Saturday, 12 September 2015

Harper's economic record

Our old friend David Olive at the Toronto Star has a piece in today's edition examining Canada's economic record under Stephen Harper.  Economic stability was supposed to be one of the key planks in Harper's re-election campaign, but recent data, including a very mild recessionette in the first half of the year, have seriously damaged the story.  In any case, this being the Star, it's no surprise that Olive finds the Tories wanting in most respects.

Piling Peleon on Ossa, Olive compares Harper's record not just with those of other countries over the past decade, but also with what was achieved under previous Canadian Prime Ministers. The first of these strikes me as much more valid than the second. Broadly speaking, everyone was facing the same problems from 2007 on, so it's legitimate to measure one country against another. It's far less reasonable to draw comparisons between what Harper has done and, for example, what Pierre Trudeau did three decades ago.

Anyway, let's assess Olive's assessment.

  • Job creation: Olive admits that Canada's record in this regard is better than the rest of the G7 -- but then tries to knock it down anyway. He argues that you'd expect more jobs to be created in a country that has higher population growth, as Canada does because of its high immigration levels. Why should this be so? If rapid population growth drove employment growth, sub-Saharan Africa would presumably be booming. Olive also notes that Canada's unemployment rate is higher than that in other G7 countries: true, but this is nothing new. Structural unemployment, especially in the Atlantic provinces, has always biased the national jobless rate higher.  
  • Fiscal prudence: Olive correctly states that Harper, despite embracing austerity, has in fact presided over seven straight years of budget deficits. There may be a small surplus this year, but only because of fiscal finagling, as Olive outlines. Interestingly, he offers no comparisons with the rest of the G7 here, presumably because he knows that the fiscal performance of most other G7 countries, including the US and the UK, has been so much worse.  Finally, he contrasts Harper's performance with the decade of surpluses rung up by PMs Chretien and Martin. True enough -- but unlike Harper, that was achieved in an era of rapid global economic expansion, not near stagnation. 
  • Economic growth: Olive has to admit that Canada's GDP has grown more than that of any other G7 country during the Harper years. He argues that growth was faster under PMs Martin, Chretien, Mulroney and Trudeau -- but then, as noted above, everyone else was posting faster growth back then too.
  • Prosperity: Olive notes that growth in real GDP per head in the Harper years has averaged a "barely discernible" 0.4 percent per annum. Once again he offers no comparisons with the rest of the G7, for obvious reasons -- they did even worse -- but instead attempts to blacken Harper by comparing him unfavourably with every PM since the Great Depression!

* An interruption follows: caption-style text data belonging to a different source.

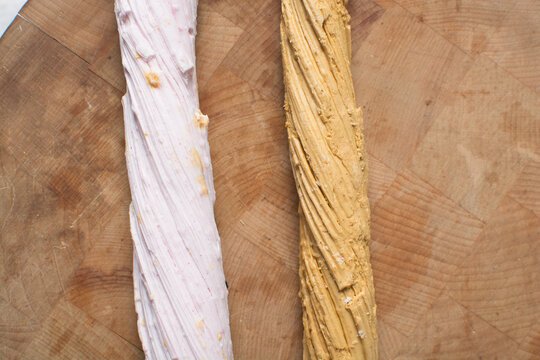 Overhead view of Nigerian Balewa candy in cellophane, top view of hausa alewa candy on a wood background, pulled hard sugar candy on a wood countertop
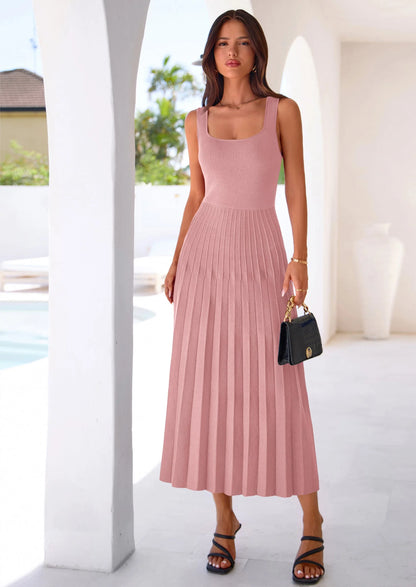 Robe mi-longue plissée en maille côtelée — col carré, sans manches, coupe trapèze fluide, élégante pour cocktail et soirée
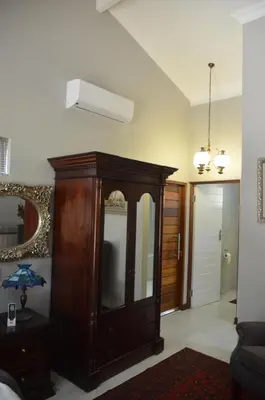 a living room with a dresser and a mirror at 64 on Malabor in Pretoria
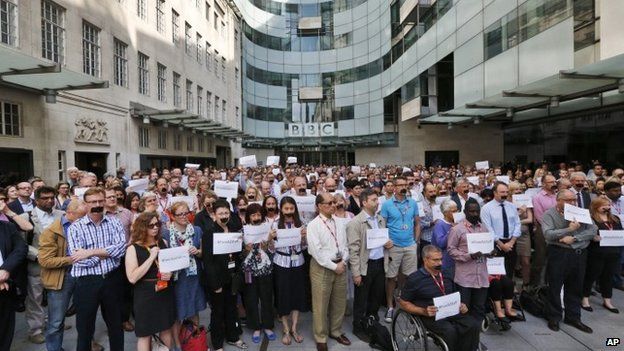 BBC journalists and staff, some with black tape over their mouths to illustrate the silencing of free speech and journalists around the world, hold a minute of silence in support of the jailed journalists in Egypt, outside BBC Broadcasting House in central London, Tuesday, June 24, 2014.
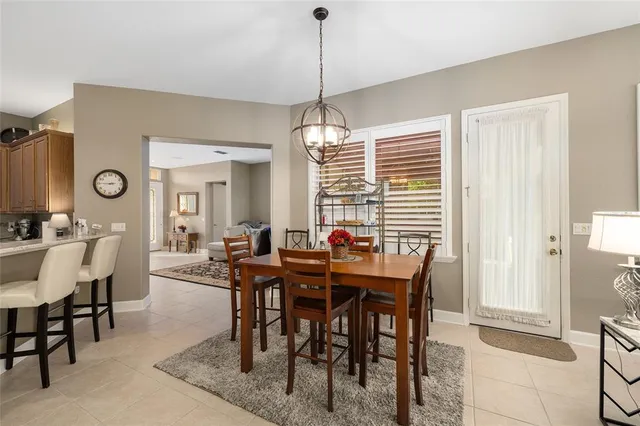 a view of a dining room and livingroom with furniture wooden floor and a chandelier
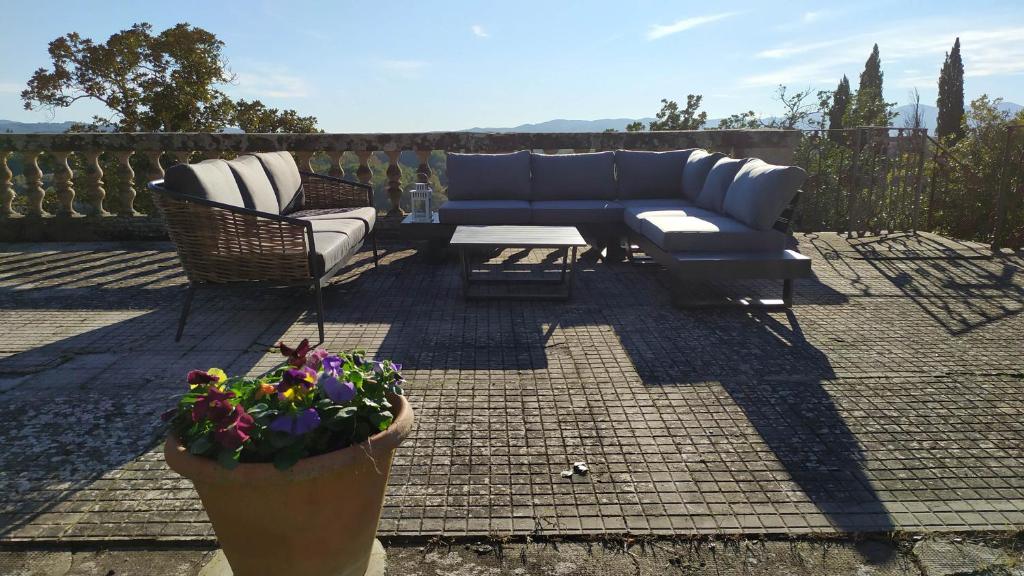une terrasse avec un canapé bleu, des chaises et des fleurs dans l'établissement Total Tuscany Countryside Villa, à Terranuova Bracciolini 51 autres photos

Olive's sour conclusion is the best that can be said is that Canada under Harper muddled through the post-crisis era better than most other countries. And even for this modest achievement, Olive tries to assign much of the credit elsewhere -- specifically, to former Bank of Canada Governor Mark Carney. Here, Olive may actually be onto something. Unlike much of the rest of the G7, Canada did not have to undertake an emergency bailout of its financial system. Some credit for this indeed goes to Carney, and some to the late Jim Flaherty, who as Harper's Finance Minister took a very hands-on approach to the banks as the crisis unfolded.

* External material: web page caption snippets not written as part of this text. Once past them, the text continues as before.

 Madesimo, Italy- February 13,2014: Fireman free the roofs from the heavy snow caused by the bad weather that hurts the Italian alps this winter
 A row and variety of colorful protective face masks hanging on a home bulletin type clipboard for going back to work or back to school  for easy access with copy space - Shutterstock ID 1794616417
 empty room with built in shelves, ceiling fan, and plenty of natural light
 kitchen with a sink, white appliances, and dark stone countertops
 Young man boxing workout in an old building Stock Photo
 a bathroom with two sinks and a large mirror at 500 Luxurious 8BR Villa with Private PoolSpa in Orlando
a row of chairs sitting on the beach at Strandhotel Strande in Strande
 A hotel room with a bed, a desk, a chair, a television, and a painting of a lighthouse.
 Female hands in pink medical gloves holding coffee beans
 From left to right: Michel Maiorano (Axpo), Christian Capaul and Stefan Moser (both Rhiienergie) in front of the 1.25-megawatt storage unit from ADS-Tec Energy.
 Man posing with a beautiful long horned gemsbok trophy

Arguably, however, most of the credit for the stability of the financial system should go to Messrs Chretien and Martin. Back in 1998, two pairs of Canada's Big Five banks -- first Royal and BMo, and then TD and CIBC -- announced plans to merge, with the specific aim of becoming bigger players on the world stage. The government of the day disallowed the mergers; one can only speculate how differently things might have turned out post-2007, if those deals have gone ahead. Given Olive's zeal to deprive Harper of any credit for anything at all, I'm surprised he didn't mention that.